The gap between the odd couple closes until they are mutually dependent. So far that's a buddy movie. Frank has learned to accept his ageing and the need for trust. All it needs is for him to accidentally name the robot (if he cleaves too cloyingly he could be called Cleaver).
But that's what distinguishes this piece from all those like it in the never-too-old-learn sub-genre of warm comedies. Frank never names the robot. He addresses it directly and uses its functionality as he would a toaster. That doesn't mean that the robot never gets cute - that would have to happen and does - but it does prevent the inevitable sentimentality at the end from fulsomeness. There are other things on the table here and they only start with the buddy story.
Frank is old and grumpy but he has no problem with technology. He's happy to take a wall sized international video call from his daughter and handles his own spiffy looking mobile phone with ease. His initial objection to the robot is from his pride at being capable not fear of the future. There is no irony when Frank points to his head and describes it as a good piece of hardware. He is rightly contemptuous of the consultant who has turned the local library into a paperless goopy encounter centre and refers to Frank as a link with the past due to Frank's reliance on printed information. That's the point here, though, the younger man's assumption makes him Frank's target, far more than the defilement of the library.
After a brief encounter with some writ-large symbolism involving a rare copy of Don Quixote we are also over the notion that Frank will be tilting at windmills for a moral victory over the superficial consumer purgatory that the modern world is allowing through. So, what are we left with, then?
We're left with a film about programming. We are used to the concept from the robot but soon we're looking at human programming. The humans here are variously stronger (through conquering love) or more vulnerable (through unchanging habits) because of their programming. Yes, that's another way of saying they are psychologically determined the way any fictional character is but the focus is quite clearly on how that psychology was put together and how firmly it fufills its program.

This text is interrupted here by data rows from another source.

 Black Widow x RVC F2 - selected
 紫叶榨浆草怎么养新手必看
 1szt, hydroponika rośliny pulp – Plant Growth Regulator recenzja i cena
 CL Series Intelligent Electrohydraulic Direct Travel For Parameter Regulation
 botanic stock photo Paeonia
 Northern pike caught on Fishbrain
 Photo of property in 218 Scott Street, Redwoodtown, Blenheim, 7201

Characters are constantly plugging into others for expected functionality in this story. Even when Frank is visited by the local cop with burglary victim in tow, the latter is filled with unwavering accusation and the former extends a request for help from Frank as a burglary expert.

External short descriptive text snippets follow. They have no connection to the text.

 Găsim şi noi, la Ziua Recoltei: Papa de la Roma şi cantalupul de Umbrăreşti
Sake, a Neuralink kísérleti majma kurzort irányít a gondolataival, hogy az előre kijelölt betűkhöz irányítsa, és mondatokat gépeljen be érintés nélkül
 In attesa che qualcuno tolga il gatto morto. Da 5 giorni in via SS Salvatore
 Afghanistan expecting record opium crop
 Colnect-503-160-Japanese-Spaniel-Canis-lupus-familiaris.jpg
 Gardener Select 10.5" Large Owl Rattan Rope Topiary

Deeper still are the programs of attraction, loyalty, parenting and family and these run according to their input like everything else in the film. Even Frank's reluctance to alter the robot's growing nature, as it were, despite it being very advantageous to do so originates from the lower levels of his ethical programming. The scene in which this decision is made thus offers more than sentimentality (though that's being trowlled on at that point) by suggesting functional necessity. It's a moving scene intensified by rationalism.
There is a big twist in the tail which I won't spoil but its inventiveness should be sung here for, while it promises even more sentimentality it also depicts a series of human programs interlocking and operating in restored functionality. There is a coda which similarly asks us to acknowledge our programming, joyfully or not.
A terrific cast centred around Frank Langella and Susan Sarandon play a script that is pleasantly content with rolling out its ideas unobtrusively so that the surface interface can function so well as a warm winter years comedy while some quite dark matter works beneath. What might have been Cleaver 'n' Corky is just Robot and Frank (the character designers just used the name already attached to the actor). It's almost Safety Not Guaranteed's complement as unlike that one this uses a humanistic genre to get to some real sci fi.
Robot and Frank was a pick from the MIFF I had to miss this year. With this and the likes of Safety Not Guaranteed and Beasts of the Southern Wild I'm getting the feeling I missed a hell of a festival.